> _Task requirements_
Set down, word for word, only the lines from the start of the records through the line bearing "2 colas (FOTOS)"; include no pictures.

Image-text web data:

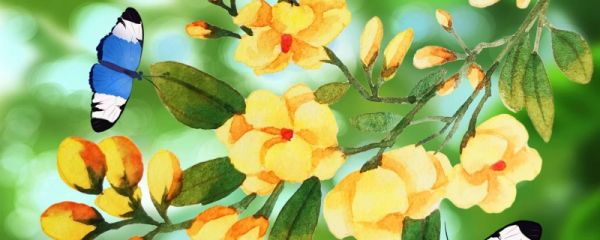 描写春天景物的短句子 关于春天景物的短句子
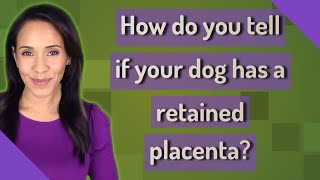 How do you tell if your dog has a retained placenta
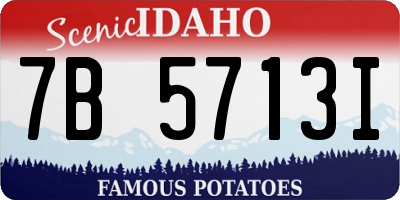 ID license plate 7B5713I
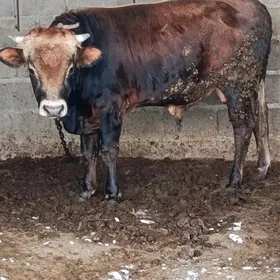 bakylan tohum öküz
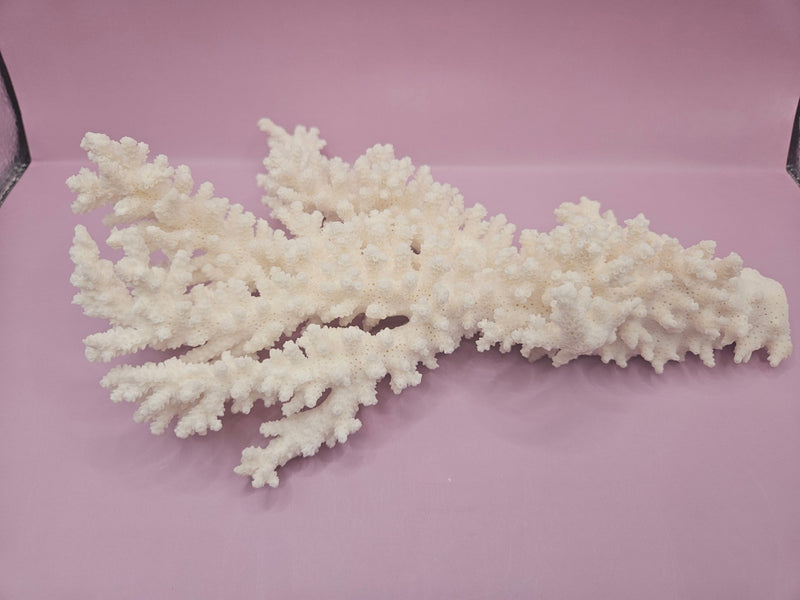 Branch Coral 10.5" - Loving Coastal Living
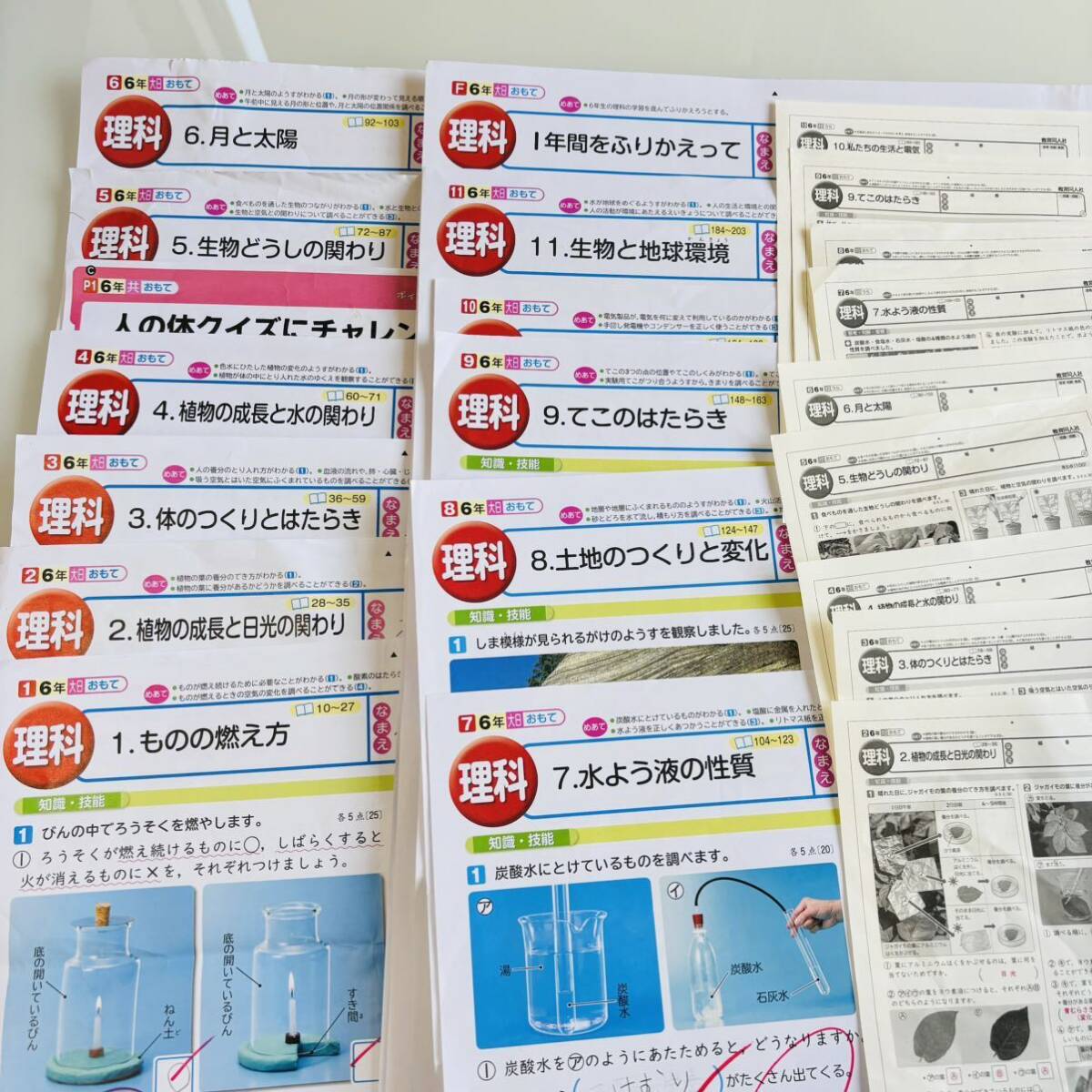  newest [ chronicle *. point ending ][ elementary school 6 year raw science ] answer attaching large Japan books education same person company color test inside . test measures . power improvement missing number none 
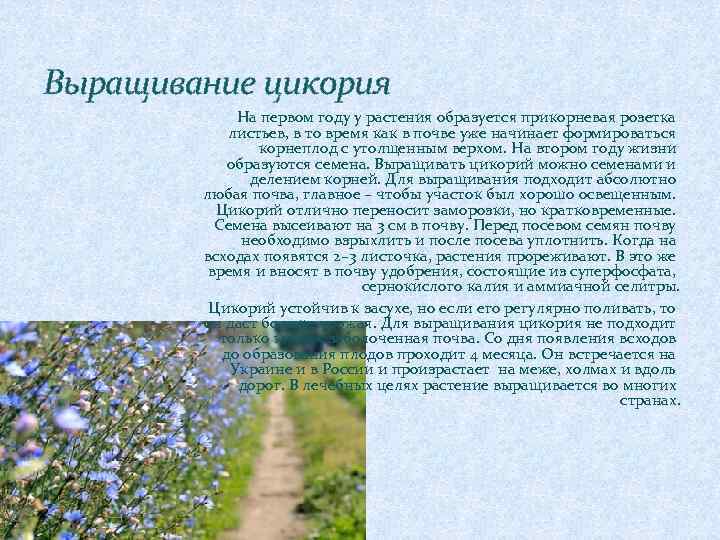 Выращивание цикория На первом году у растения образуется прикорневая розетка листьев, в то время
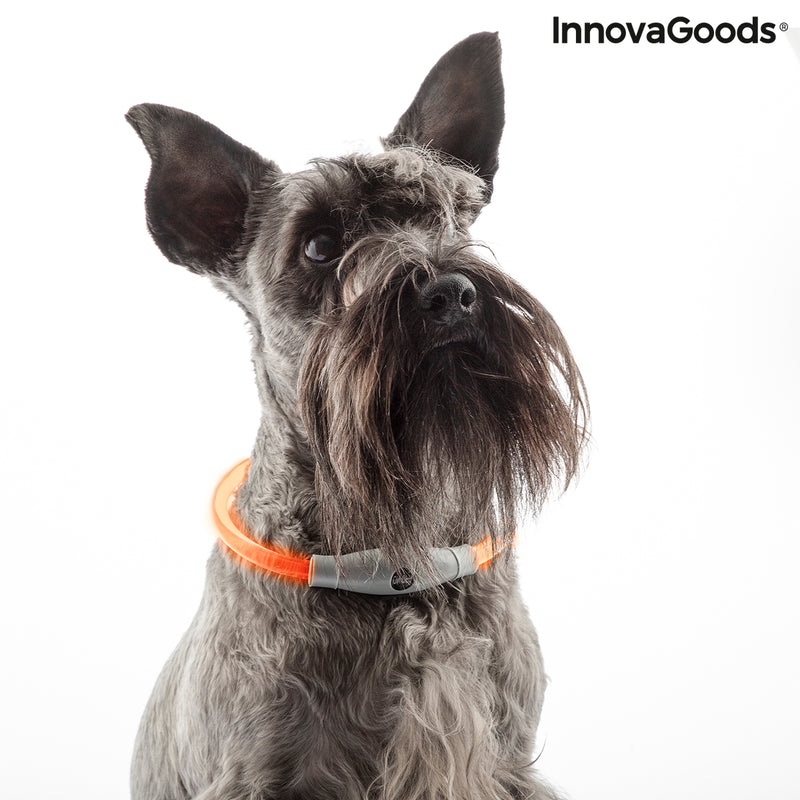 LED halsband voor huisdieren Petlux InnovaGoods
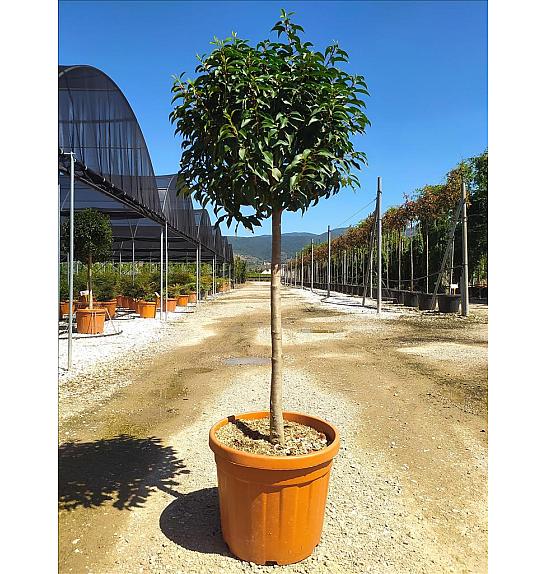 Prunus Lusitanica Angustifolia C50 Lit. Na Steblu 100 cm 12/14 cm Krošnja 60/80 cm (ZEL)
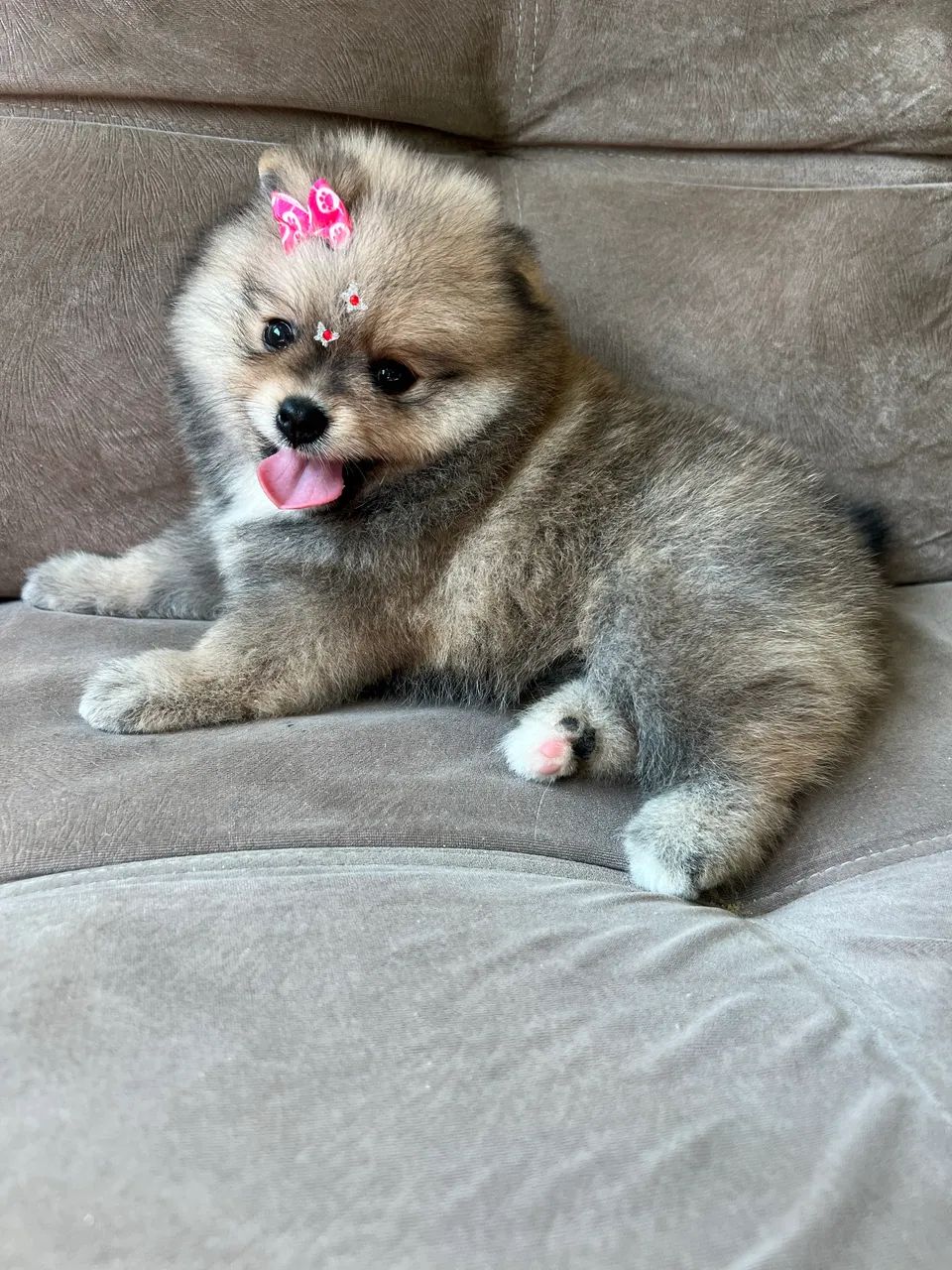 Spitz alemão fêmea  - Foto 2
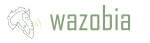 Wazobia Technologies company logo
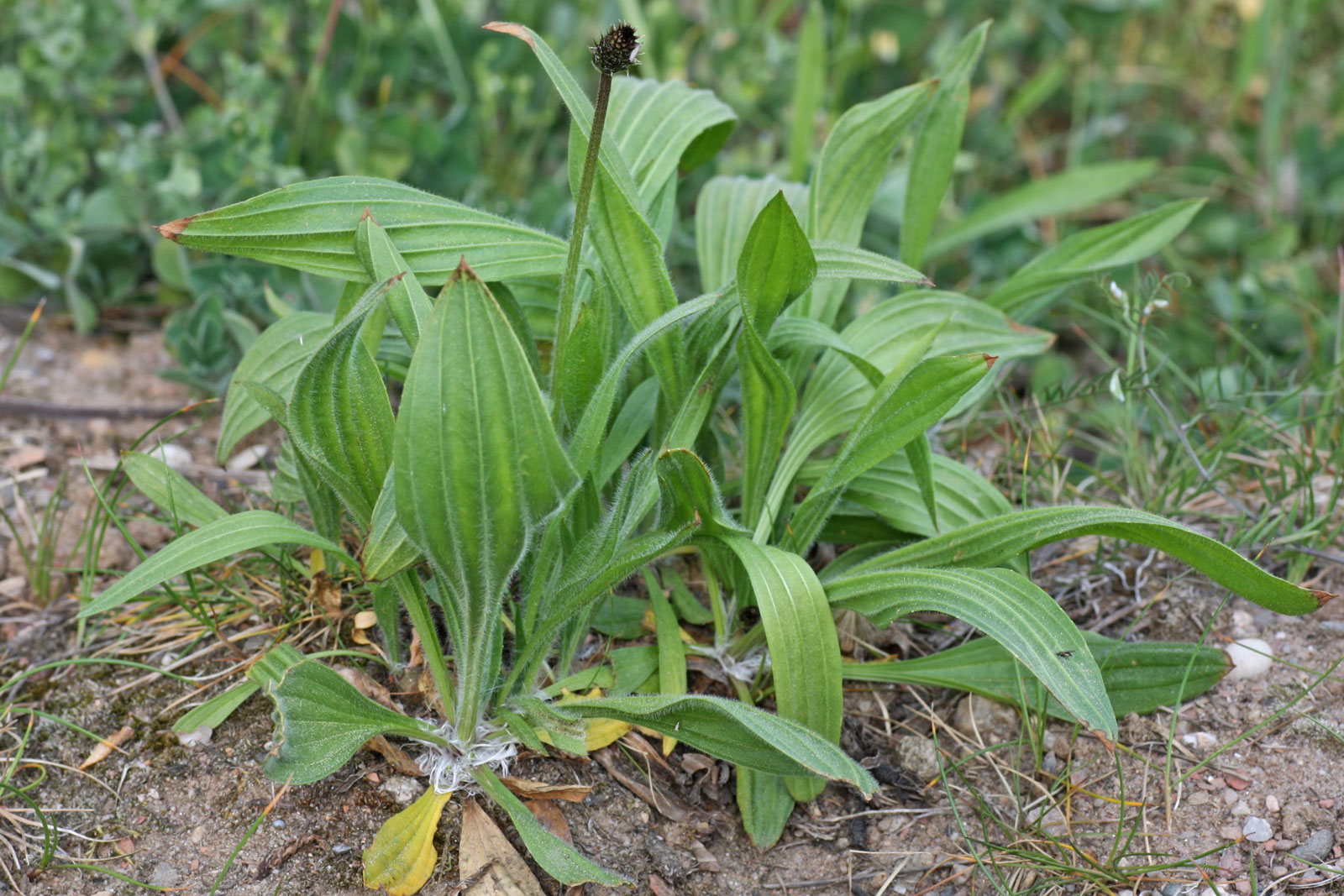 La Plantago es generalmente resistente a las plagas y enfermedades. Sin embargo, en condiciones de alta humedad, puede verse afectada por hongos, que se combaten con un fungicida específico o mejorando el drenaje del suelo. También puede atraer caracoles y babosas, los cuales se pueden mantener a raya con barreras físicas o repelentes naturales.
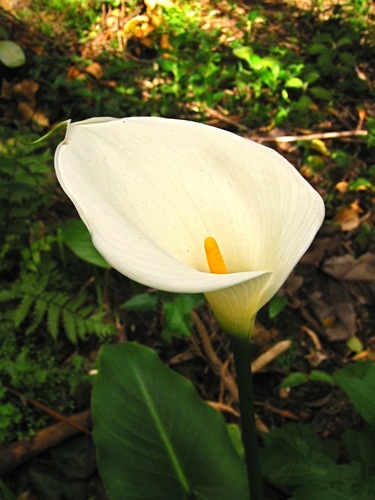 LIS CALLA｜“IN HER GREATEST YEARS” ?height=1920&quality=80&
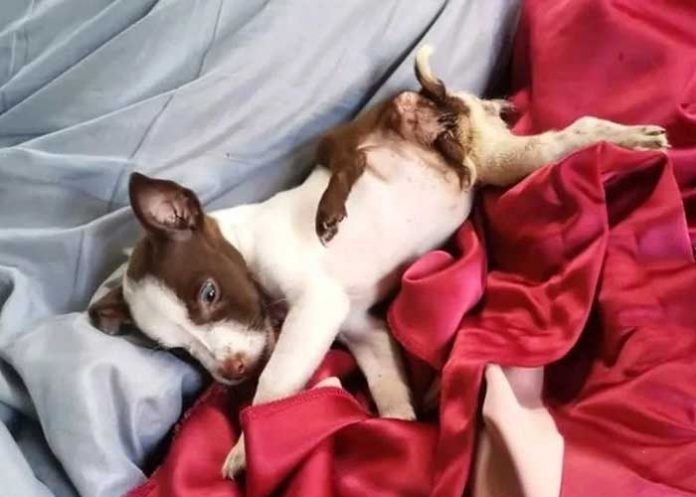 ¡Impresionante! Perra “mutante” nace con 5 patas y 2 colas (FOTOS)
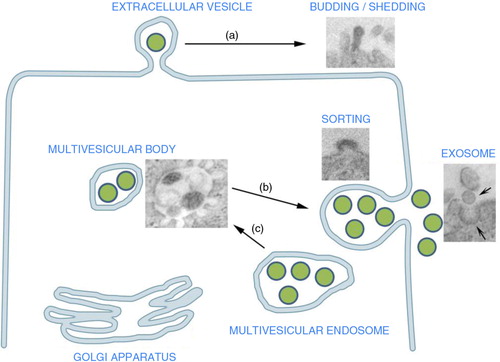 Fig. 1.  Extracellular vesicle (EV) origin: EV may originate from the endosomal compartment by exocytosis of vesicles formed within the multivesicular bodies or (a) from the cell surface by budding of plasma membrane. These shedding vesicles, sorted from the cell surface by budding of cell plasma membrane, are also named microvesicles. (b) Exocytic multivesicular bodies fuse with membrane after cell stimulation and release by exocytosis vesicles named exosomes. (b) These multivesicular bodies are created within the Golgi apparatus as a result of endosome compartmentalization. The insets are representative transmission electron microscopy of exosome generation from a multivesicular body and of vesicle generation by budding of plasma membrane (modified, in part, from Refs. (Citation3) and 7).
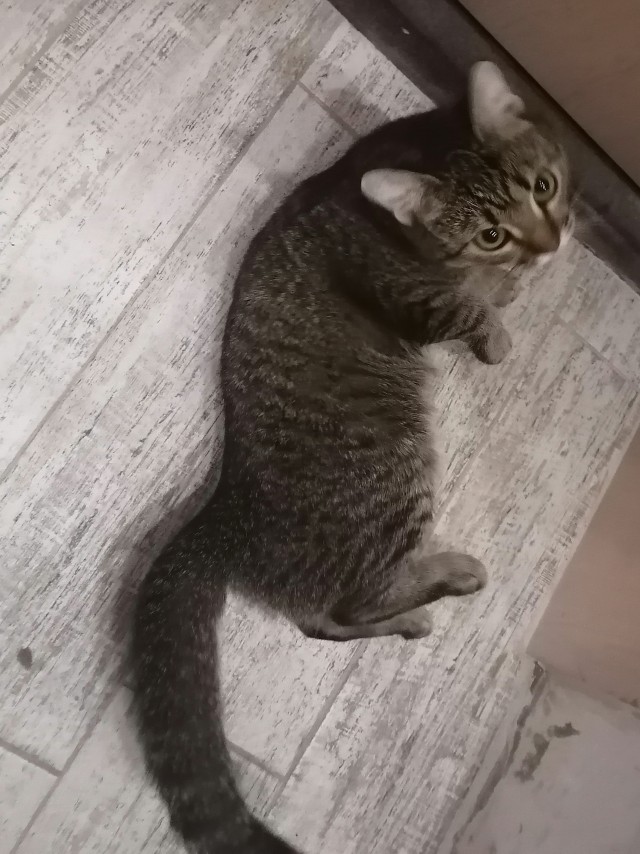 Новый член семьи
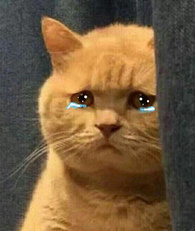 �����ڼ�ë������ô���ã�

> _Response to this exercise_
 描写春天景物的短句子 关于春天景物的短句子
 How do you tell if your dog has a retained placenta
 ID license plate 7B5713I
 bakylan tohum öküz
 Branch Coral 10.5" - Loving Coastal Living
  newest [ chronicle *. point ending ][ elementary school 6 year raw science ] answer attaching large Japan books education same person company color test inside . test measures . power improvement missing number none 
 Выращивание цикория На первом году у растения образуется прикорневая розетка листьев, в то время
 LED halsband voor huisdieren Petlux InnovaGoods
 Prunus Lusitanica Angustifolia C50 Lit. Na Steblu 100 cm 12/14 cm Krošnja 60/80 cm (ZEL)
 Spitz alemão fêmea  - Foto 2
 Wazobia Technologies company logo
 La Plantago es generalmente resistente a las plagas y enfermedades. Sin embargo, en condiciones de alta humedad, puede verse afectada por hongos, que se combaten con un fungicida específico o mejorando el drenaje del suelo. También puede atraer caracoles y babosas, los cuales se pueden mantener a raya con barreras físicas o repelentes naturales.
 LIS CALLA｜“IN HER GREATEST YEARS” ?height=1920&quality=80&
 ¡Impresionante! Perra “mutante” nace con 5 patas y 2 colas (FOTOS)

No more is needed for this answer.